Troubleshooting / known issues

Tricky behavior of captured variables

It is easy to forget that DataFlowTasks.@dspawn, like its siblings @async or Threads.@spawn, wraps its body in an anonymous function. This can lead to unexpected behavior when variables are captured in these closures at task spawn time, and re-bound before task execution time.

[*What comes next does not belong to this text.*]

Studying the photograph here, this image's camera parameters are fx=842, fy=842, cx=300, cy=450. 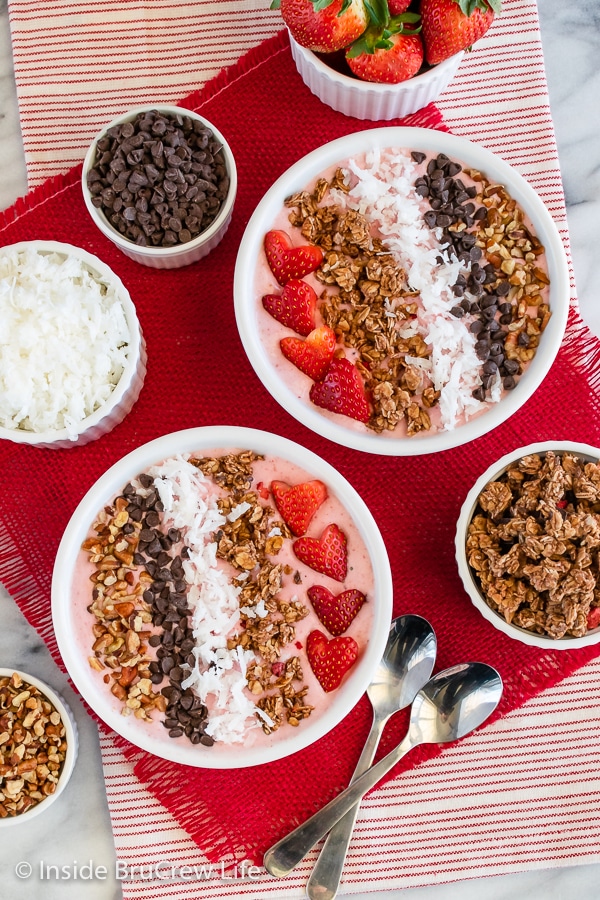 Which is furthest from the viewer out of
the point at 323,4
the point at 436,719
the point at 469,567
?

Let's illustrate this with a simple example using plain asynchronous tasks. In the following snippet, the intention is to start with an initial array, double all elements and copy them to a temporary buffer, then double them again and copy them back to the original array:

arr = ones(3)
buf = fill(NaN, length(arr))

# The following is performed at "task spawn time"
begin
    # Warning: these variable bindings will be captured in the task body
    (from, to) = (arr, buf)
    task1 = @task to .= 2 .* from

    # Swap source & destination arrays:
    # Warning: this re-binds the captures in t1
    (from, to) = (to, from)
    task2 = @task begin
        wait(task1) # make sure the data has been copied before copying it back
        to .= 2 .* from
    end
end

# This is "task run time"
foreach(schedule, (task1, task2))
wait(task2)

arr  # expected all 4 after the round-trip
3-element Vector{Float64}:
 NaN
 NaN
 NaN

There is however a subtle issue in the code above: the body of task1 captures bindings from and to (not their values at task spawn time). Therefore, when from and to are later re-bound, this affects the captures in task1. If task1 starts afterwards (which we ensure here by only scheduling it later), it "sees" the swapped version of from and to, and therefore copies NaNs into the original array.

Note

In a real code, one would probably schedule the task as soon as it is created (using @async, Threads.@spawn or DataFlowTasks.@dspawn). In such cases, the result may vary from run to run, depending on whether the task actually starts before the bindings are swapped, or not.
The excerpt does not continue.